We humans tend to think that aging is bad. We tend to believe that we lose our beauty, that we become a burden to society, that we get sick, weak, fat and ugly as we mature. But trees don’t think like that! They never stop growing. The more mature they are, the more beautiful they become.
Maria Fernanda Cardoso has always been fascinated by botanical and animal life. The artist began to weave living beings into her work out of nostalgia for her home turf. While completing a Master’s degree in sculpture in the US, Maria, who hails from Bogotá in Colombia, started growing grass in her studio.
Grass escalated to corn and potatoes – all food crops indigenous to her home. Since then, she has investigated all sorts of life forms – frogs, lizards, insects. Some might remember Cardoso’s live performing flea circus.
Beautifully sculptural, bottle trees are indigenous to Australia and incredibly diverse. Emblematic of a dry continent, they were used for millennia by Aboriginal Australians to access water.
Cardoso explains: “The artwork has an educational component: it teaches us about water conservation by an edible Australian native plant. The roots of the bottle tree are delicious. I hope locals become less fearful about exploring food alternatives long known to Aboriginal Australians.
“Part of the brief for the project was to address issues of water management in Green Square. I thought, what could be more physically and formally visible than the shaped trunk of a bottle tree? They expand and contract in times of flood or drought, and they never seem stressed. Not only beautiful, this species has developed a very elegant Australian water management strategy.”

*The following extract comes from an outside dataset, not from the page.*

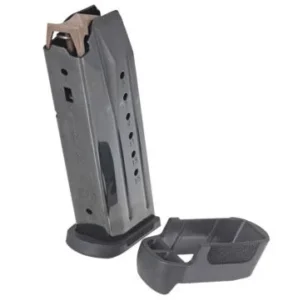 Ruger 90730 Security 15rd 380 ACP Fits Security 380 Black Steel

Cardoso hopes that the trees’ unique anthropomorphic forms will help people better connect with them as living creatures, particularly in the ‘artificial’ setting of a city, as well as better understand the concept of growth.

As the trees grow, so will the people of Green Square. A series of celebratory community planting days are planned to encourage local residents to adopt, plant and name bottle trees of all sizes and ages. The trees will double in girth each year, with each expanding centimetre celebrating the ageing together of humans and other species in their shared environment.

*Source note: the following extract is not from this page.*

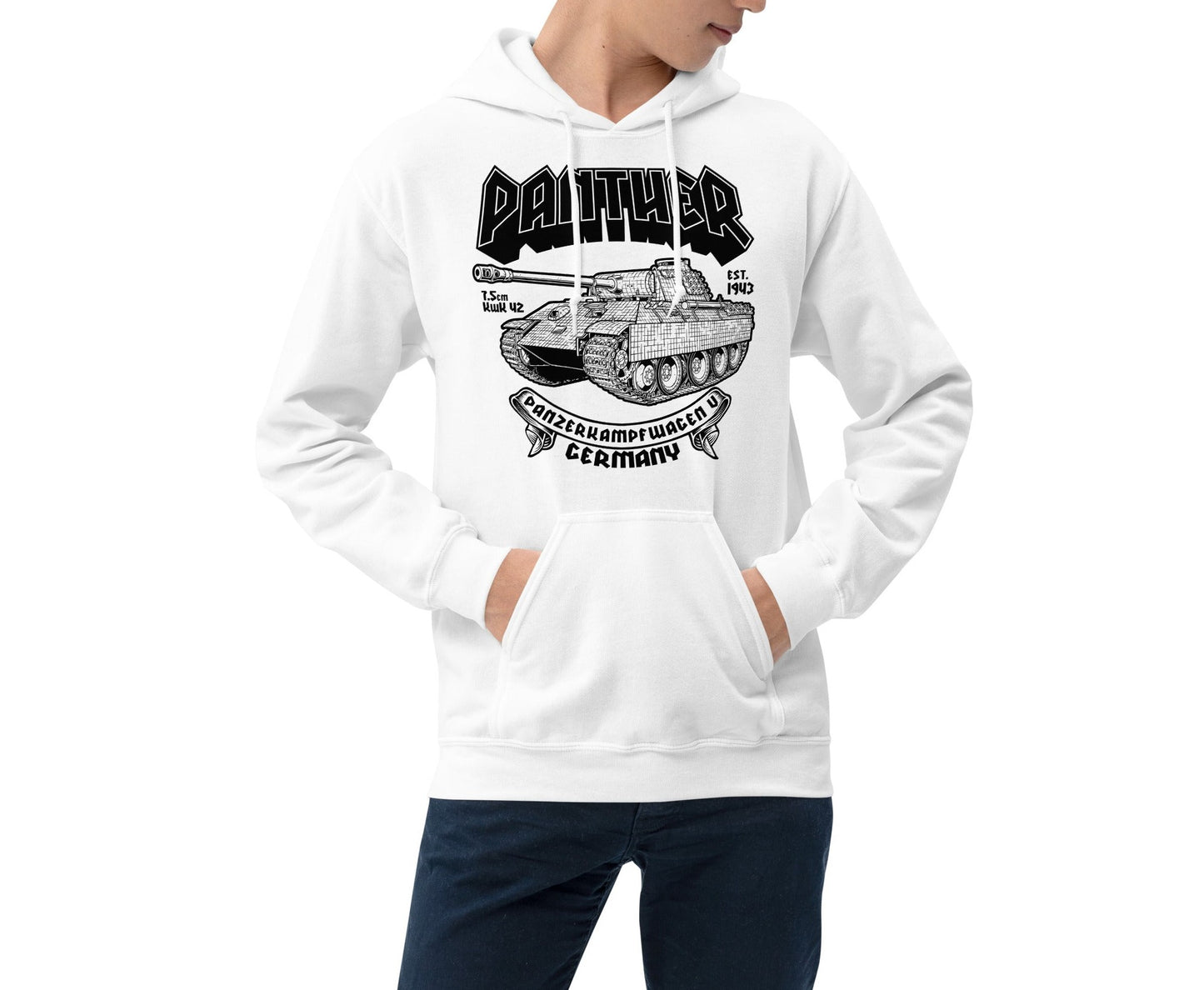 Panther Tank Unisex Hoodie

A gifted researcher, the artist has taken great care to select the particular species, Brachychiton rupestris: “I like to experiment and observe, so I get direct feedback from whatever subject I’m interested in. I’m very hands-on in my research – especially if it involves digging up dirt! Theory and practice go hand in hand.”

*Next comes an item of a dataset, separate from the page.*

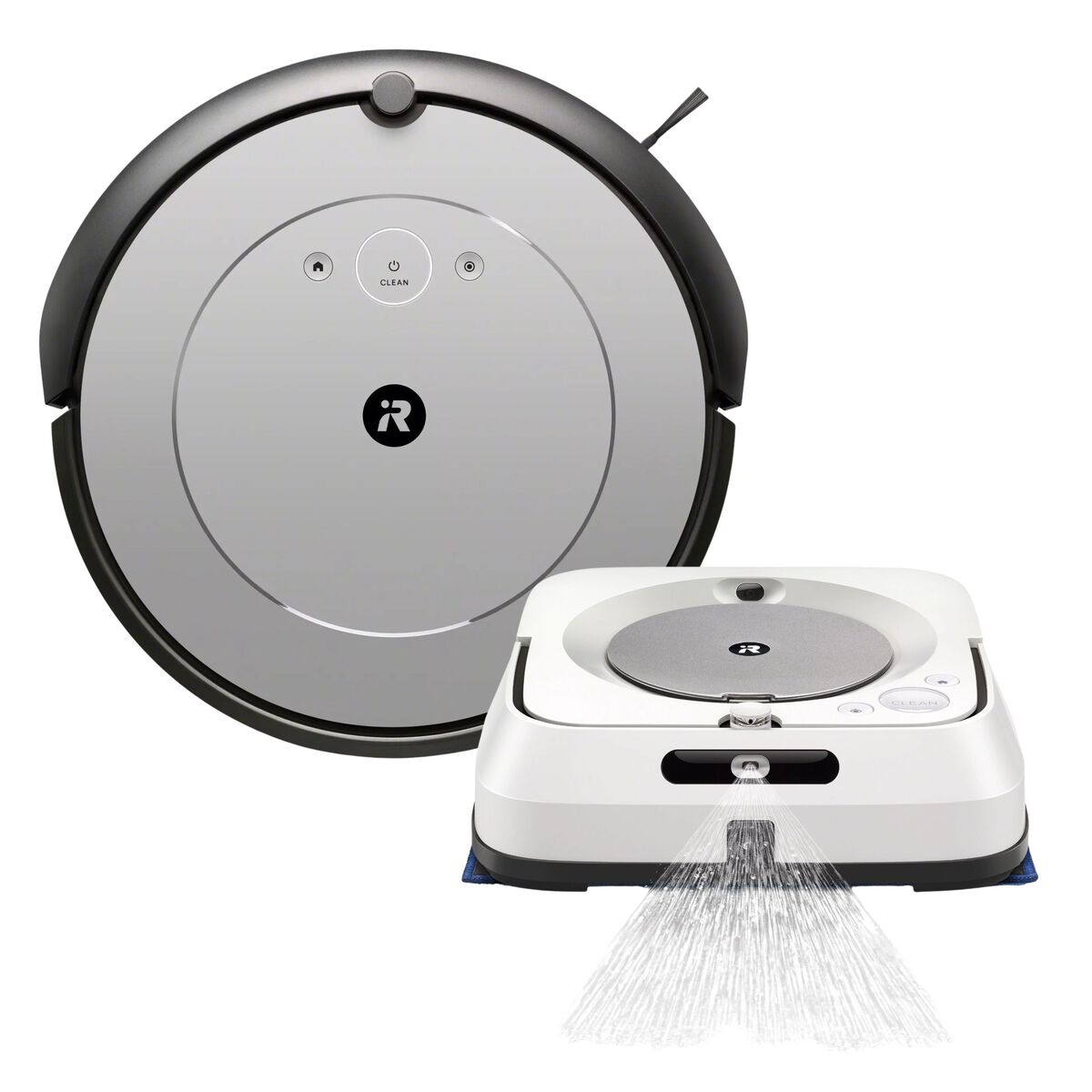 Robot aspirador Roomba® i1 & Robot friegasuelos Braava jet® m6, , large image number 0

Cardoso has worked with real, live or preserved animals and plants for over two decades. In the past, her Naked Flora (2013), inspired by the ‘father’ of taxonomy Carl Linnaeus, presented a series of macro photographs of flowers with their petals removed to exhibit their ‘reproductive organs’.
“A living artwork can and will connect people to the natural world. It will connect us to other species as well as to the rhythms of nature that we have lost contact with,” she says.